Time and distance are corrosive agents to history. They warp and distort the further we are removed. We must make clear to our children and future generations that what those men fought for was not a singular vision. They did not fight for one version of America or the world. They fought so that we could preserve the freedom to have many versions of our country and the broader world. They fought for the beauty of diversity. They fought to preserve the good, the bad, and the ugly. They fought for choice and they fought for the right for each of us to live our lives as we see fit as long as we bring no harm to others.

The heroes who never left the beaches of Normandy that day died believing in a greater good. They died believing in the promise of America. They died so that we could continue to live. They died for a vision of the world that we have not yet achieved.

They died in the fight to preserve the equality of many over the dominance of one.

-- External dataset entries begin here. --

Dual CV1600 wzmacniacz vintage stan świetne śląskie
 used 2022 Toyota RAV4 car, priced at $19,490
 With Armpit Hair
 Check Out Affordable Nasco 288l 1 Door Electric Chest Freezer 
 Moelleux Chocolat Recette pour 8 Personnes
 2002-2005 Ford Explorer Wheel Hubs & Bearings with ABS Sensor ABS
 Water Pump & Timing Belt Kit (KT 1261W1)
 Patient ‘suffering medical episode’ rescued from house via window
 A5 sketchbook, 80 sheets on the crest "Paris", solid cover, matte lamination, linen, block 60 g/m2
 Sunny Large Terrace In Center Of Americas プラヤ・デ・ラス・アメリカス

We have achieved that equality on paper since those young men laid down their lives, but we have not achieved that equality in practice.

We must continue that fight for equality that began at Lexington and Concord, that fight for true equality that forever changed the rolling hills of Gettysburg, that saw the Harlem Hellfighters through more battles than any other American unit in World War I, that turned the waters off Normandy as red as Moses Nile in Egypt, that carried the first desegregated units through the harsh winters of Korea, that saw brothers in blood through the jungles and paddies of Vietnam, that guided Martin Luther King Jr. from Selma to Montgomery, that fight for true equality that carries on to this very today.

Those men died that day so that we could one day fulfill that promise of America.

We must honor their deaths by doing more, by participating more, by speaking up more when we see injustice, by listening more to the silenced voices, by standing behind those who need our support and by standing in front of and shielding those that need our protection.

Those men on the beaches of Normandy died on this day, 76 years ago, for us. We must make them proud by continuing the fight.